A green-coloured Chandni Chowk bus shuttle rumbles by. It is packed beyond capacity with the Chandni Chowk natives (that is, they are not looking like travellers) heading towards Ballimaran, to Nai Sadak, to Katra Neel, to Fatehpuri. A sprightly Namdhari Sikh is hanging on to the door of the mini-bus.
On the right stands what used to be Fort View Hotel–shabbily-mantained but still majestic. It is home to a Sony showroom, a cinema, and a coffee chain outlet.
One backpacker, following The Delhi Walla‘s gaze, looks up at the building, and then hurriedly flips through his copy of Lucy Peck’s Delhi: A Thousand Years of Building. Just then appears a red-capped man, belonging to a tribe of traditional ear-cleaners from Turkman Gate, and offers to de-wax the backpacker’s ears. To break the language barrier and explain his profession to the tourist, he takes out a needle, inserts it into his right ear and brings it out from his right nostril.
Looking at the horrified tourist, I feel bad for travellers who come to Chandni Chowk to sketch the pattern of the haveli jaalis or to study the Colonial influence on Mughal architecture. At the end of this walk, they might remember nothing but the grey sky above, the jostling crowd beneath, and perhaps the golden arches of McDonald’s. Yes, it too is here giving an interesting perspective to the Red Fort skyline.
Amidst such mumbo-jumbo, it is easy to miss two stately sights—the Baptist Church and the State Bank of India building.
Of course, you cannot miss the Seesganj Gurdwara. The entrance is crowded with pilgrims. It stands next to Sunehri Masjid from where the Persian invader Nader Shah watched the massacre of Delhi in 1739. The lane outside the mosque is blocked by a golgappa walla and a pineapple walla.
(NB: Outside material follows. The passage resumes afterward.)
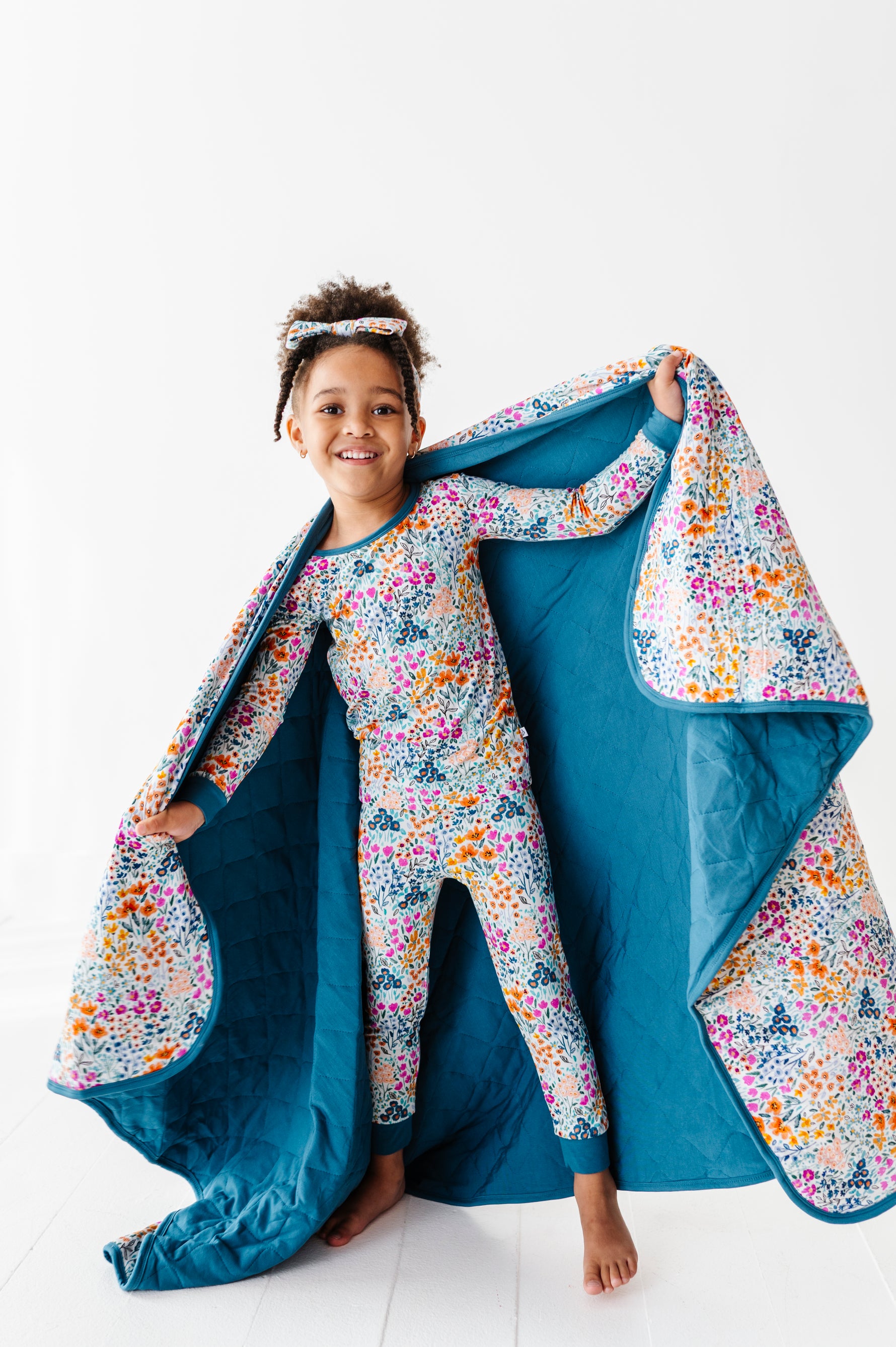 A young child smiles in matching floral pajamas and headband, holding open Jammie Session’s Whispering Wildflowers Toddler Quilted Blanket—a cozy, machine-washable 2.5 Tog bamboo quilt with a floral interior, perfect for bedtime.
Talking of food, Chandni Chowk’s ‘Old, Famous Jalebi walla’ is just a few steps away. The entry to paratha waali galli, too, is somewhere around. Haldiram’s is on the other side of the road. Unmoved by laddoos and dahi bhallas, I keep walking straight, past stores selling Chinese toys, bras, saris, footmats, goggles, belts, burqas, chappals, watches, and even swimming costumes.
Look for the iconic Mughal-era mithai shop Ghantewala. You won’t find it. It shut down a few years ago.
Nai Sadak, now.
The Town Hall building on the right, flecked with hundreds of masakalis, is looking straight out from the pages of some outdated London guidebook. Not surprising since it came up just a few years after the 1857 mutiny. (For that Piccadilly Circus touch, there are benches and stylish lampposts on the little plaza on the left.)
Determined to quickly finish this walk in one of the city’s most crowded avenues, I’m not feeling obliged to linger in front of the claustrophobic histories and monuments lining both sides of Chandni Chowk. The weather-beaten Lala Channamal ki Haveli is left behind without a respectful stop. Amritsari Lassi Walla is coming up now. Next is Fatehpuri Masjid, the journey’s end. Time your walk so that you arrive at this mosque immediately after the sunset. Then it is like a dream.